TASK GOAL
Every line below that contains the word "Vintage" must be copied.
*** DATA RECORDS ***
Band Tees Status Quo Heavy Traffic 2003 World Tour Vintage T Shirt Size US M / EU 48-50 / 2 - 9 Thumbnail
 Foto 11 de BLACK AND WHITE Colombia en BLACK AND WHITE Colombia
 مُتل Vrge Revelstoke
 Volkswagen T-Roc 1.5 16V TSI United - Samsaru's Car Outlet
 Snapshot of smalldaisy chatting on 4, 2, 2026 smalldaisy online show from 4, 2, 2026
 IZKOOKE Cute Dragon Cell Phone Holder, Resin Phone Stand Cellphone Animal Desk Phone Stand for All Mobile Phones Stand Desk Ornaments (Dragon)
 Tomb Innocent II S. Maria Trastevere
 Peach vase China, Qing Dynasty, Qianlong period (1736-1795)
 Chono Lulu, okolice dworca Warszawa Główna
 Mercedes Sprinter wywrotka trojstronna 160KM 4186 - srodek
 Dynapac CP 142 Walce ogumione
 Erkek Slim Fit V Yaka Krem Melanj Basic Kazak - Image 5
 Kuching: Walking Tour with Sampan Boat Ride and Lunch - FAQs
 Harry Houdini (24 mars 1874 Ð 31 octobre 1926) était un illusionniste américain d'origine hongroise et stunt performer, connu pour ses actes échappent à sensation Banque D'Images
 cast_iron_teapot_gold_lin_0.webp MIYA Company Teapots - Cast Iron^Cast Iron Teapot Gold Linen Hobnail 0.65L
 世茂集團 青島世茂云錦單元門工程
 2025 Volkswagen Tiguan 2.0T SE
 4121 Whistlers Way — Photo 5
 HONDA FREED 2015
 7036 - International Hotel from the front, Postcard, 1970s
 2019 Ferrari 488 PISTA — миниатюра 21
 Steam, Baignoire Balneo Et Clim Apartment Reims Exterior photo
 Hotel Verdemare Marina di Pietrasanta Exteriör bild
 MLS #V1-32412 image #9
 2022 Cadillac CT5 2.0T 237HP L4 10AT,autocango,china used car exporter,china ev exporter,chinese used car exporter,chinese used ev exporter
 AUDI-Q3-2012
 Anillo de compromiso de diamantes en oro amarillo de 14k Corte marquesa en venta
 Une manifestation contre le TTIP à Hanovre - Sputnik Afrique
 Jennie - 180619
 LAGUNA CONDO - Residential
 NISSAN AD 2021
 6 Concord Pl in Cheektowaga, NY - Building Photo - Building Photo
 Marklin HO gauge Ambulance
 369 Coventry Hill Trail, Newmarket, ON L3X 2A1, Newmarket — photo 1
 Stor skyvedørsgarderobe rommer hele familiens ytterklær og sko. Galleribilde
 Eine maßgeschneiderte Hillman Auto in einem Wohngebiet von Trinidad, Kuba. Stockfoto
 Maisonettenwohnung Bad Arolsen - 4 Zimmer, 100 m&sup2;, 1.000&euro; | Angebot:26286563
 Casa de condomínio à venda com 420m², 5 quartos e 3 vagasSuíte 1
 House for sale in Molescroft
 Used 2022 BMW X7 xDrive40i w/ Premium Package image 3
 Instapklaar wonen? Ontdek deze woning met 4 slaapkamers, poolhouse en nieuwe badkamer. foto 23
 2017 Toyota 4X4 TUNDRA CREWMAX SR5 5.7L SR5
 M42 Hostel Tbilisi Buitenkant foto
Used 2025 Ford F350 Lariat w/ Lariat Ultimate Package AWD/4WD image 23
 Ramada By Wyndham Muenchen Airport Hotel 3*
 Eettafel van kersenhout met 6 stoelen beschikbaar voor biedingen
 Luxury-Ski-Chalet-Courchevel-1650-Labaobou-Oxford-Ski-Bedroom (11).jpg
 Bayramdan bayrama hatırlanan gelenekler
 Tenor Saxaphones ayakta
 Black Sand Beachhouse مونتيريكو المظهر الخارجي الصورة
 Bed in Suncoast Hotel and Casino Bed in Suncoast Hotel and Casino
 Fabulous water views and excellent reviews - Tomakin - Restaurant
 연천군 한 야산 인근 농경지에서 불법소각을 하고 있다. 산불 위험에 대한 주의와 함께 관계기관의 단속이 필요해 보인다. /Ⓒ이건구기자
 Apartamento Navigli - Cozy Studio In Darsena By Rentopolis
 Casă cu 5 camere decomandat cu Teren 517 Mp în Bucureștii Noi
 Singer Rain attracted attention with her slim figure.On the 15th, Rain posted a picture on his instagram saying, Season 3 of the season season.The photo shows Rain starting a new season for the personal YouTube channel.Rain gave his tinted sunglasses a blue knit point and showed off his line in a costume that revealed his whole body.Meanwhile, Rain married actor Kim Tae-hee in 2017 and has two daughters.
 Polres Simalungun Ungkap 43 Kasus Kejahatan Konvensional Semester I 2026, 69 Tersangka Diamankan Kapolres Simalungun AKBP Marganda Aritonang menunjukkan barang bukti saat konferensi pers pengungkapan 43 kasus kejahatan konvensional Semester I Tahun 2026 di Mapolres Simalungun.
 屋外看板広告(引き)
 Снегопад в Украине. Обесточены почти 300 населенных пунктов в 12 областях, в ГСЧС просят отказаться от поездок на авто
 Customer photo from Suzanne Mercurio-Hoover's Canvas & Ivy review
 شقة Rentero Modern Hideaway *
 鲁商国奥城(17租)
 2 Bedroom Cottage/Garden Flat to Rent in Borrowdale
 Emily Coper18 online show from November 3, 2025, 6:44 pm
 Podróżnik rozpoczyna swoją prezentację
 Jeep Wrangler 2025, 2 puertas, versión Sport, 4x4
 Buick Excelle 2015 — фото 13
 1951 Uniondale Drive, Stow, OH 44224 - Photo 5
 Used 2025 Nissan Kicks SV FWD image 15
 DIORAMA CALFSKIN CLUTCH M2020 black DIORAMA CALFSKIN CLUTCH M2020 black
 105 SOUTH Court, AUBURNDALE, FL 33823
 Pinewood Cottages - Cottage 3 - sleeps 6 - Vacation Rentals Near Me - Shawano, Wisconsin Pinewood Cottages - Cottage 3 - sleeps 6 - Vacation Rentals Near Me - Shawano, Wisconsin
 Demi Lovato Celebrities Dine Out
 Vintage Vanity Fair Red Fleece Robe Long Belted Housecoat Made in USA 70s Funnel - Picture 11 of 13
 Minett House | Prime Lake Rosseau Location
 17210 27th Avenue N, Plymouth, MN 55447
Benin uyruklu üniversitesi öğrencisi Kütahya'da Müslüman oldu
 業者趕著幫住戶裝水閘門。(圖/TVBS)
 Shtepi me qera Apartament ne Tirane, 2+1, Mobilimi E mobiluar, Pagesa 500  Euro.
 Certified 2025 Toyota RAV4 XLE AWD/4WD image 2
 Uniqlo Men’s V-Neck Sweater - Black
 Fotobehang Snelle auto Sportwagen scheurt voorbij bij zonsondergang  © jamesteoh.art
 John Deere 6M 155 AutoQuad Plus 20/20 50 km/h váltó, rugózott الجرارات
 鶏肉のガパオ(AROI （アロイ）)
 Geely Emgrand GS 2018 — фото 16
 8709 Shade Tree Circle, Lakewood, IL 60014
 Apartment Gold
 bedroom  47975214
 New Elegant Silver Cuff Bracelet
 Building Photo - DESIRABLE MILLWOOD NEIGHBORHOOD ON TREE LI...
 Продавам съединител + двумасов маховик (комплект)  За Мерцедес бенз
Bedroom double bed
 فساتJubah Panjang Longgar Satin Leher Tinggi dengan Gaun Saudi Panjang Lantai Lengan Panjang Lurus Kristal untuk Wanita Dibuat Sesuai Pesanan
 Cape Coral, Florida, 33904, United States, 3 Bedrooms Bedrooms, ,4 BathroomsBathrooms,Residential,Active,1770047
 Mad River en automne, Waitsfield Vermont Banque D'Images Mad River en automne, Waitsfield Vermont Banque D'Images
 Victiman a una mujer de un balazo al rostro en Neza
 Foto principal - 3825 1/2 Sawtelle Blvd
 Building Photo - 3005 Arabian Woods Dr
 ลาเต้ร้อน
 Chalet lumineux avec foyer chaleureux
*** End of DATA RECORDS ***
WORKED SOLUTION
Band Tees Status Quo Heavy Traffic 2003 World Tour Vintage T Shirt Size US M / EU 48-50 / 2 - 9 Thumbnail
 Vintage Vanity Fair Red Fleece Robe Long Belted Housecoat Made in USA 70s Funnel - Picture 11 of 13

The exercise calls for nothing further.